# Newbie, To This Forum and Horses.



## Sissimut-icehestar (Jan 20, 2008)

welcome  
you´ll sure learn a lot here, i know i have


----------



## JimiMac (Jan 26, 2008)

Thanks for the welcome, Sissimut.


----------



## Vidaloco (Sep 14, 2007)

Welcome to the HF Jimi, I re-started riding again at around that age. A little different than riding a motorcycle :wink:


----------



## PoptartShop (Jul 25, 2010)

Welcome to the Horse Forum!  That is cool you ride motorcycles; & now you have a horse too, congrats!! 
Horses are such great animals, I bet your horse is adorable; what breed & color is it?


----------



## JimiMac (Jan 26, 2008)

He's a Shire cross, and he's bay.


----------



## Momo (Jan 24, 2008)

Welcome to the forum!

I am new myself too, and I have already learned so much from everyone.


----------



## Rachluvshorses4eva (Apr 11, 2007)

Welcome to the Forum! If you need any help at all, just PM me. :wink: 

Enjoy this forum, it really is the best.


----------



## free_sprtd (Oct 18, 2007)

HEY JIMI! welcome to the greatest HF ever! lol i have LEARNED so much from here....have fun chatting and dont be afraid to ask even the tiniest of questions :wink: 

CAN'T WAIT TO SEE PICS!


----------



## jazzyrider (Sep 16, 2007)

hiya  
welcome

there is plenty to learn on here you just need to ask


----------



## JimiMac (Jan 26, 2008)

Thank You all for the kind welcome, it's very appreciated.


----------



## ilovemydun (Nov 2, 2007)

Riding a horse is MUCH more enjoyable than riding a motorcycle  Welcome to the forum, I know you'll get alot of useful information here, everyone is very friendly.

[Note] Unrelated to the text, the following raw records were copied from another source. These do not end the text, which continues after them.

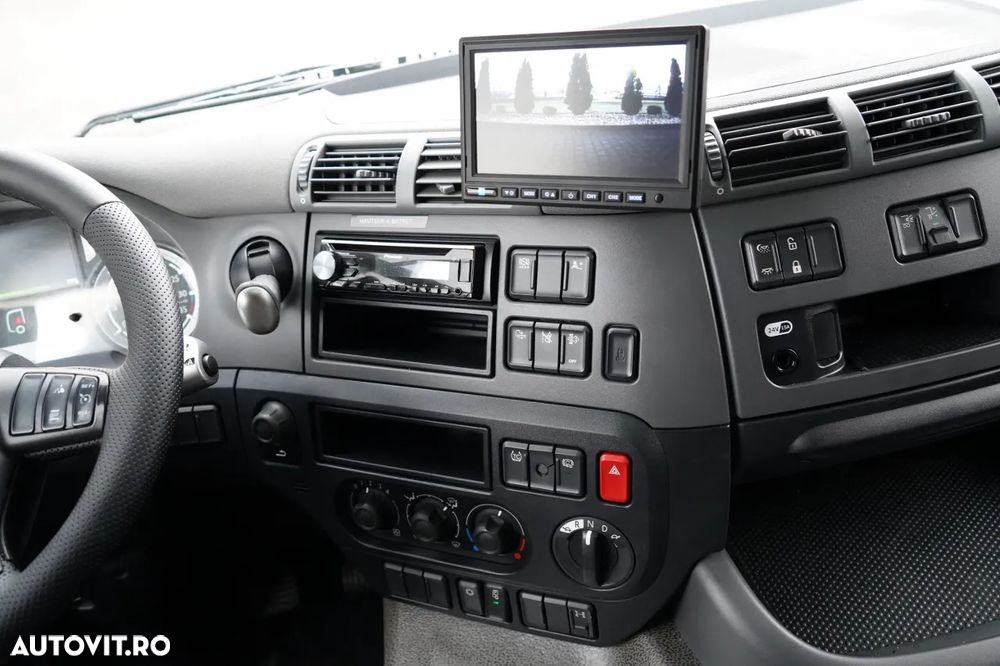 DAF CF 290 / 4X2 / SOLO / CORTINĂ 8M / HALOGEN DHOLLANDIA / PODEA REZISTENTĂ / EURO 6 - 30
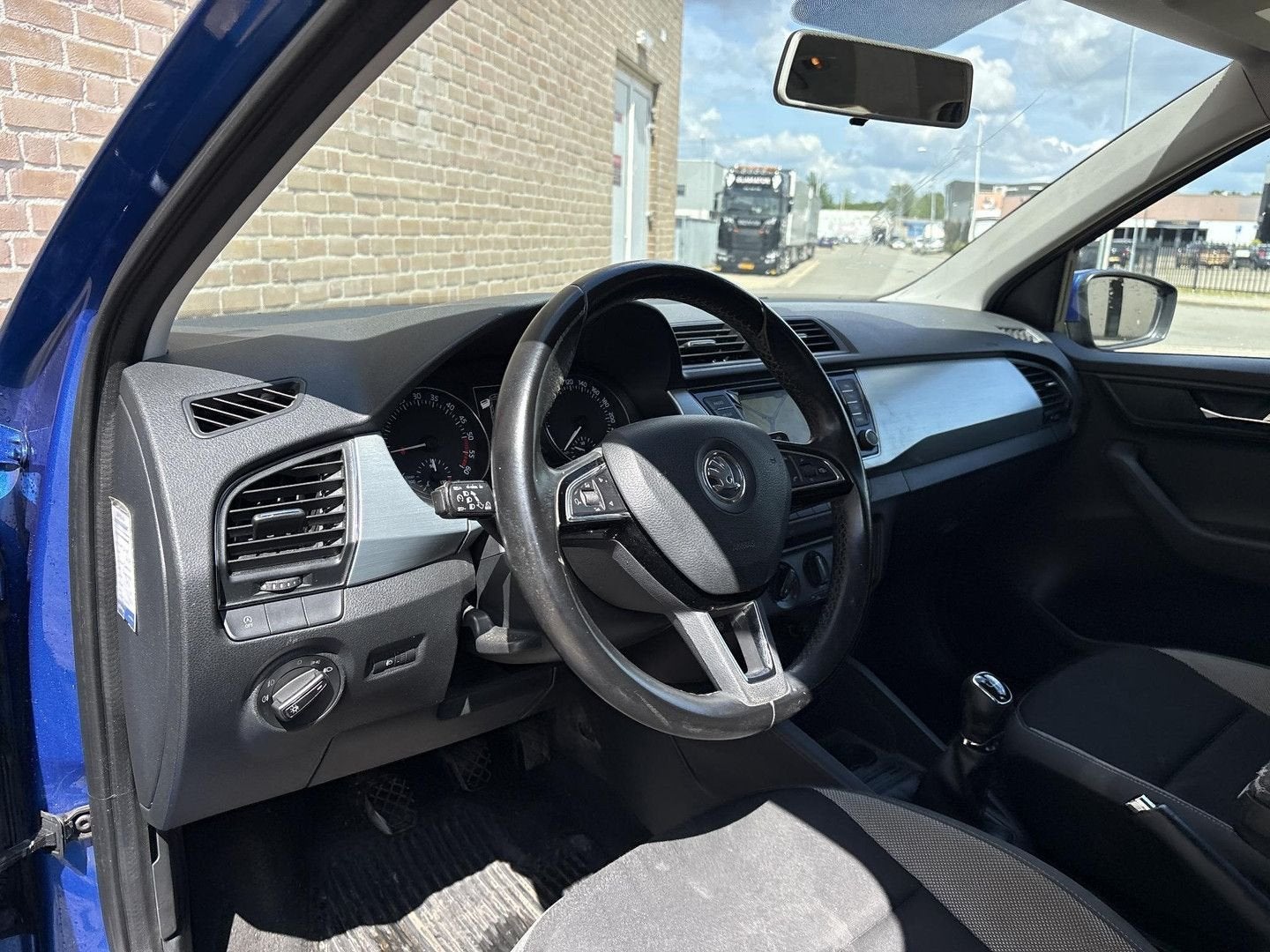 Skoda Fabia Combi 1.4 TDI Ambition Businessline | Airco | Cr, Parkeersensor, Zwart, Blauw, Bedrijf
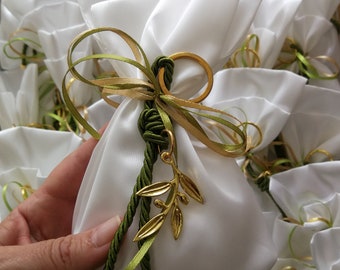 Keychain olive favors Wedding bomboniere souvenirs with koufeta confetti Wedding guests gifts  Unique rustic elegant style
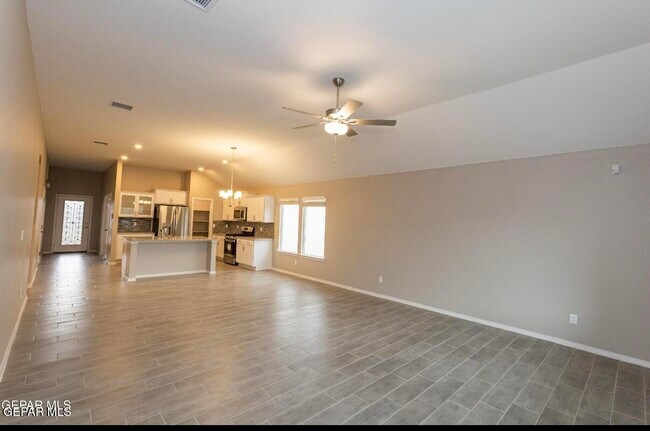 Building Photo - 1208 Golden Summer Pl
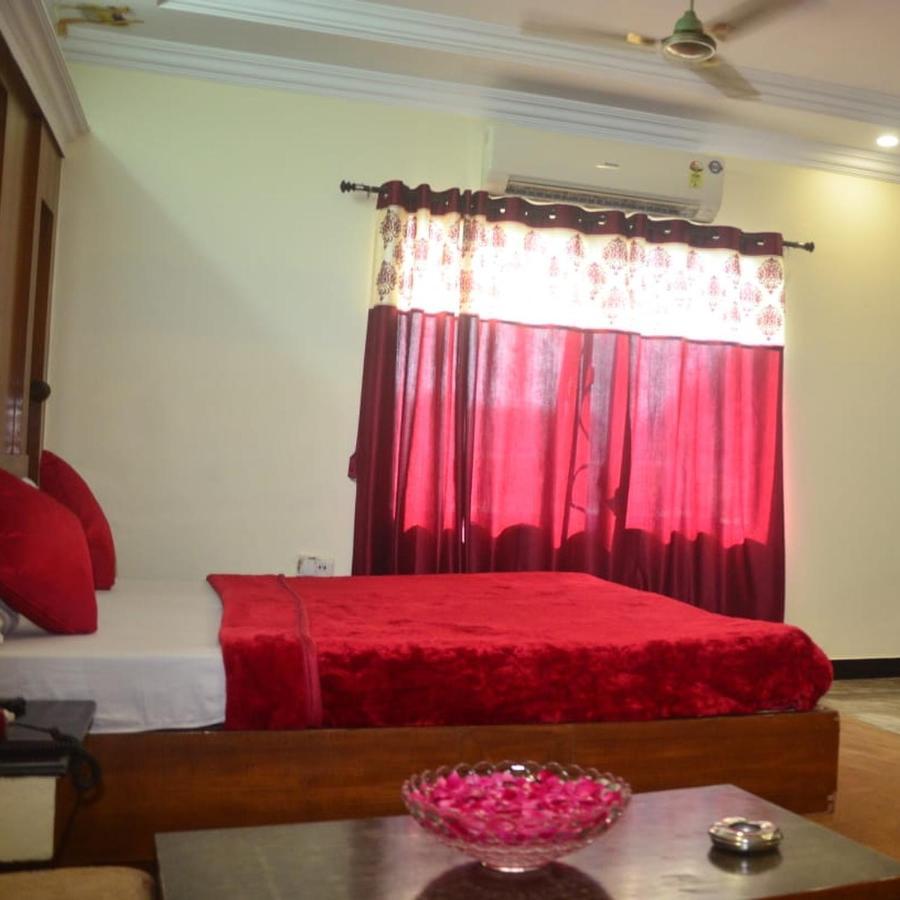 Rāipur Hotel Poonam מראה חיצוני תמונה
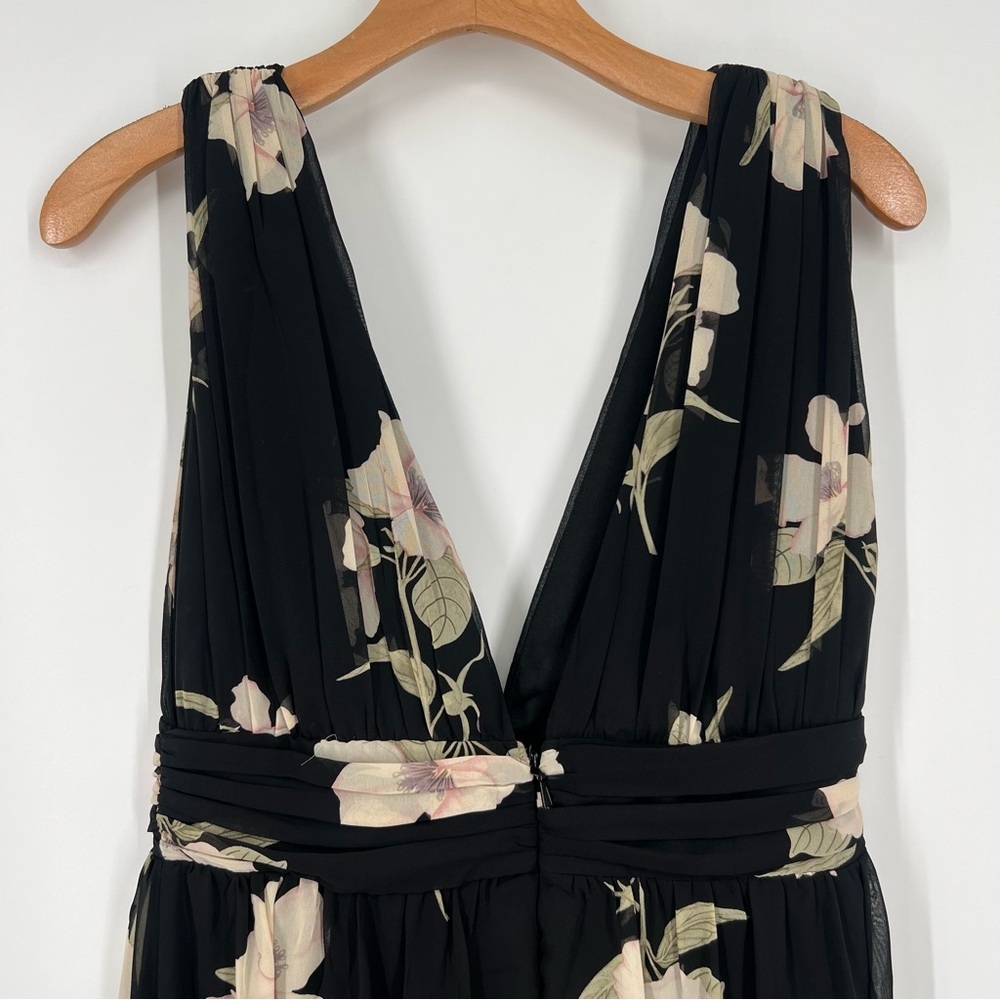 Lulu’s Queen of Hearts Black Floral Print Midi Dress - Picture 6 of 7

Can't wait for pictures eitherrr! Shire cross...sounds beautiful.


----------



## JimiMac (Jan 26, 2008)

Pics are posted.


----------



## free_sprtd (Oct 18, 2007)

hey jimi where are they?


----------



## ilovemydun (Nov 2, 2007)

free_sprtd said:


> hey jimi where are they?


I think I saw them in the pictures section


----------



## free_sprtd (Oct 18, 2007)

ah yes, seen em already lol thanks! oops


----------